14. Hukuk Dairesi         2010/14308 E.  ,  2011/453 K.

    "İçtihat Metni"

    MAHKEMESİ :Sulh Hukuk Mahkemesi

    Davacı tarafından, davalı aleyhine 28.04.2005 gününde verilen dilekçe ile geçit hakkı tesisi istenmesi üzerine yapılan duruşma sonunda; davanın kabulüne dair verilen 20.05.2010 günlü hükmün Yargıtayca incelenmesi davalı ... vekili tarafından istenilmekle süresinde olduğu anlaşılan temyiz dilekçesinin kabulüne karar verildikten sonra dosya ve içerisindeki bütün kağıtlar incelenerek gereği düşünüldü:
    K A R A R
    Davacı 534 sayılı parselin maliki ... ile 533 sayılı parselde paydaş ve 532 sayılı parselin maliki olduğunu ileri süren davacı ..., 533 ve 537 sayılı parseller üzerinden Türk Medeni Kanununun 747.maddesi gereğince geçit hakkı kurulması isteminde bulunmuştur.
    Davalılardan ..., davanın reddini savunmuş, diğer davalılar savunmada bulunmamıştır.
    Mahkemece, dava kabul edilmiştir.
    Hükmü, davalılardan ... temyiz etmiştir.
    HUMK’nun 43.maddesi gereğince davacılar veya davalılar arasında dava konusu hak veya borcun ortak olması veya ortak bir işlem ile hepsinin yararına bir hak yüklenilmiş olması veya kendilerinin bu şekilde taahhüt altına girmeleri veya davanın her biri hakkında aynı nedenden doğması hallerinde birden fazla kimsenin birlikte dava açabilecekleri gibi onlara karşıda birlikte dava açılabilir.
    Dava 534 ve 532 ile 533 sayılı parsellerin malikleri tarafından birlikte açılmıştır. Yukarıda belirtildiği üzere, aralarında zorunlu dava arkadaşlığı olmayan kişiler, ayrı ayrı dava açmalıdır.
    Somut olaya gelince;
    Davada ayrı ayrı parsellerin maliki veya mirasçısı olan kişiler, geçit ihtiyacının varlığını ileri sürerek gerekmediği halde birlikte dava açmışlardır.
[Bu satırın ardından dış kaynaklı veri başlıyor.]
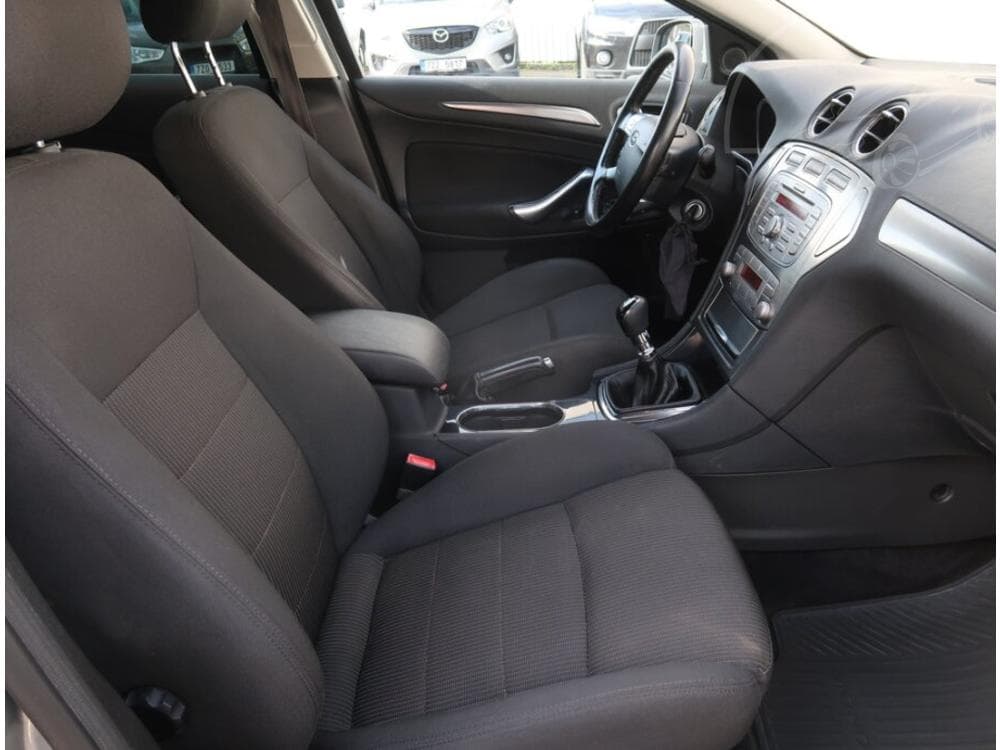 2009 Ford MONDEO - 33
Bu nedenle her parsel için ayrı ayrı hüküm kurulması gerekirken, tek bir hüküm kurulmak suretiyle de karışıklığa neden olunmuştur.
    Bu durumda mahkemece yapılması gereken iş, HUMK’nun 46.maddesi uyarınca gerekmediği halde birlikte dava açan kişilerin davalarının tefrikine karar vermek, her bir davacının isteğini diğerinden bağımsız olarak incelemek ve sonucuna göre ayrı ayrı hüküm kurmak olmalıdır.
    Değinilen usul kuralları bir yana bırakılarak, yazılı olduğu şekilde hüküm tesisi usule esaslı ayrılık teşkil ettiğinden, karar bozulmalıdır.
    SONUÇ: Temyiz olunan kararın yukarıda açıklanan nedenlerle BOZULMASINA, peşin yatırılan harcın istek halinde yatırana iadesine, 20.01.2011 tarihinde oybirliğiyle karar verildi.